Just wanted to start a discussion as to legal requirements for obtaining a stamp/seal. It's actually two-fold:

1. Which states make it a legal requirement for all registered PEs to obtain their own stamp/seal?

2. Is NY State one of them? (I found out this week that I passed the PE Chemical exam, so this question would be applicable to me and all other NY State PEs.)


----------



## ipswitch (Jun 5, 2011)

GS_Beacon said:


> Just wanted to start a discussion as to legal requirements for obtaining a stamp/seal. It's actually two-fold:
> 1. Which states make it a legal requirement for all registered PEs to obtain their own stamp/seal?
> 
> 2. Is NY State one of them? (I found out this week that I passed the PE Chemical exam, so this question would be applicable to me and all other NY State PEs.)



I know I need a seal for NY for all civil engineering plans. I don't know about other engineering fields such as chemical, electrical, etc.


----------



## Sam77 (Jun 6, 2011)

In *Idaho*, obtaining a seal/stamp is a requirement. The state board says in the passing notification letter that you have to send them within 60 days an impression of your seal and signature in order to complete your licensure process, and failing to do so may result into cancelation of the license.


----------



## GS_Beacon (Jun 6, 2011)

Sam77 said:


> In *Idaho*, obtaining a seal/stamp is a requirement. The state board says in the passing notification letter that you have to send them within 60 days an impression of your seal and signature in order to complete your licensure process, and failing to do so may result into cancelation of the license.


Whoa, that's a bit harsh... to forget to send them a seal/stamp and have to do this entire process all over again?


----------



## envirotex (Jun 6, 2011)

In Texas, you need a seal and a photo, and you must return the imprint of the seal and photo within 60 days...The suggested sanctions (see f below) per the rules are a reprimand and a $250 fine...

From the Texas Engineering Practice Act...

§133.97 Issuance of License...

...(d) The executive director shall notify the new license holder in writing of:

(1) the license issuance;

(2) the license serial number;

(3) the instructions to obtain a seal; and

(4) the instructions to return a seal imprint and a recent, wallet-size, portrait photograph.

(e) Within 60 days from the written notice from the executive director of license issuance, the new license holder shall:

(1) obtain a seal(s);

(2) place the seal imprint(s) on the form provided by the board and return it to the board office; and

(3) furnish a wallet-size portrait photograph for the board’s files.

(f) Failure to comply with paragraph (e) of this section is a violation of board rules and shall be subject to sanctions.


----------



## DASmith (Jan 3, 2012)

California requires a stamp/seal.
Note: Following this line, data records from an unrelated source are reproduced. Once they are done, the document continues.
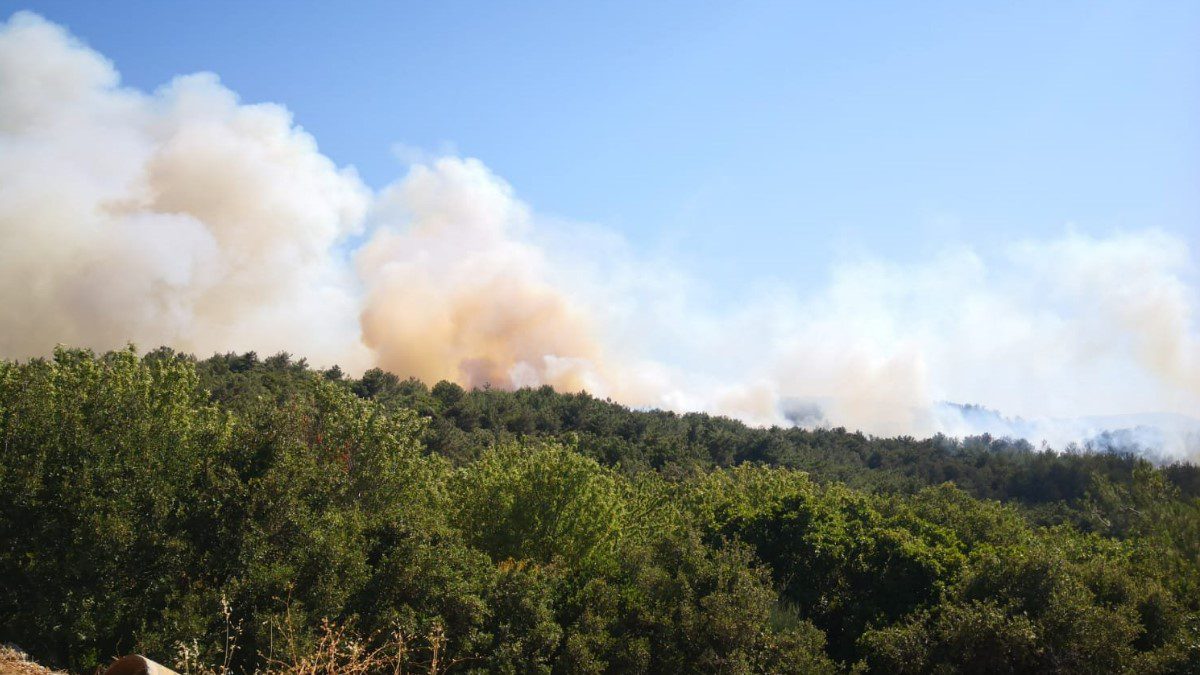 izmir-urla-aliaga-orman-yangini-son-dakika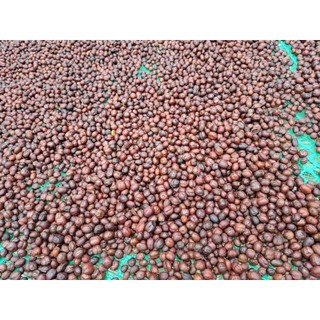 Cà Phê Đặc Sản Nguyễn CPR Mix004
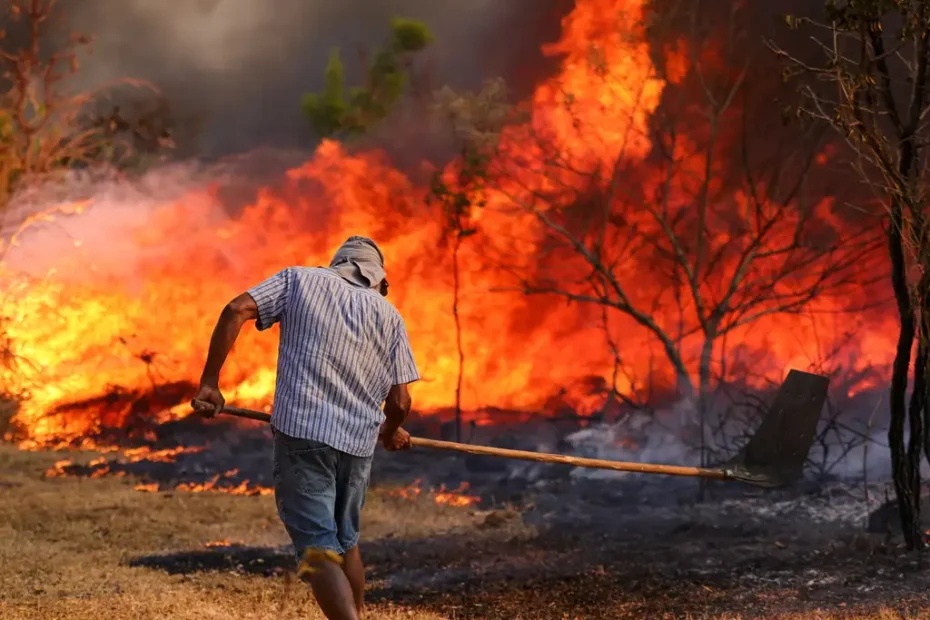 Governo propõe aumento de penas para incêndios florestais no país - 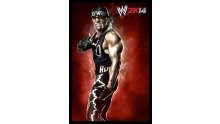 WWE 2K14 artwork roster Superstars divas 25.09 (32)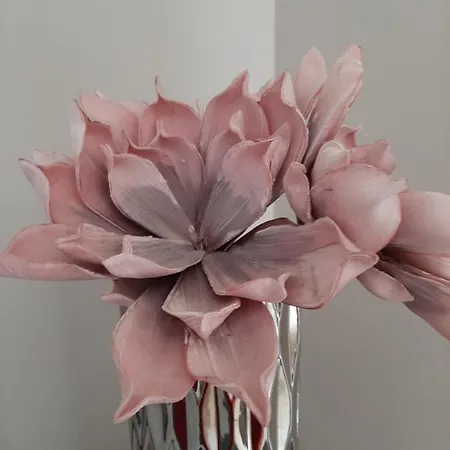 Cyrnea - Adults Only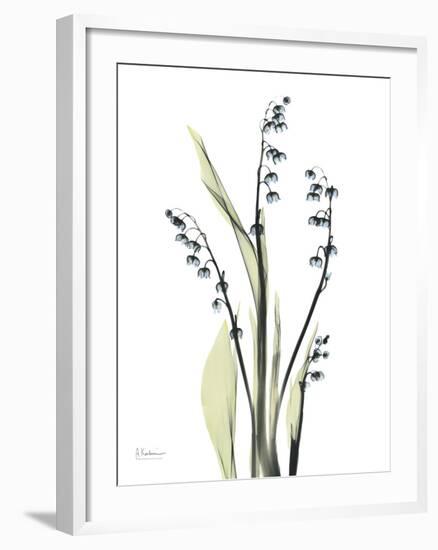 Lily of the Valley-Albert Koetsier-Framed Premium Giclee Print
Section 6764 of the Professional Engineers Act.

6764. Seal or stamp

Each professional engineer licensed under this chapter shall, upon licensure, obtain a seal or stamp of a design authorized by the board bearing the licensee’s name, number of his or her certificate or authority, the legend “professional engineer” and the designation of the particular branch or authority in which he or she is licensed.


----------



## mudpuppy (Jan 4, 2012)

Michigan requires you submit an impression of your stamp or seal within 30 days of your license issuance.


----------



## Peele1 (Jan 5, 2012)

Where do I buy a stamp/seal?


----------



## sc57 (Jan 5, 2012)

Go to www.engineerseals.com, prices are reasonable.

Delaware state needs you to buy seal, before you get your certificate.


----------